Viking Cruise arranged a special ceremony for us at the site. As the Stars & Stripes flew in a bright blue sky, we all sang the Star Spangled Banner, followed by a recorded version of taps, and a moment of silence. Then the veterans in the group, including Charles, were recognized. Each of us was given a flower to place on a grave. Charles & I chose to place our flowers on the graves of the fallen from the states where we were born—New York and Tennessee. We prayed for those whose lives were cut short so that we can be free from tyranny today.
A breath-taking sculpture stood overlooking the cemetery in honor of those who paid it all. The statue is a representation of a soldier rising from the water with his hand toward heaven. It is a visual reminder of the brevity of life.
As we traveled along the beaches, we saw the location of an artificial port build by the Allies. Remnants of the amazing feat of engineering are still visible in the water. In order to supply the thousands of troops, since the Germans controlled all the ports, caissons and piers were floated across the English Channel in order to construct an artificial port at Arromanches, France. Once constructed, tons of material could be loaded onto the beach and trucked inland to supply the fighters. Those who operated the supply lines are the unsung heroes of the invasion force.

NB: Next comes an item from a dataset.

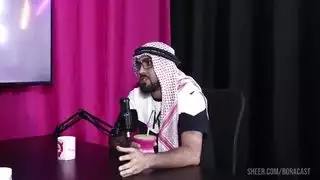 شاب عربي يمارس الجنس مع فمها وفرجها بينما تمص حلمتيها إباحي صريح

Our last stop on Normandy was to the water’s edge at Omaha Beach. It was like walking on holy ground as we walked on the sand and looked up at the remaining German bunkers that dotted the hillside. We left that place thankful and blessed to have lived in a free country bought with the blood of others.
I was reminded of John 15:13 “Greater love has no one than this: to lay down one's life for one's friends.”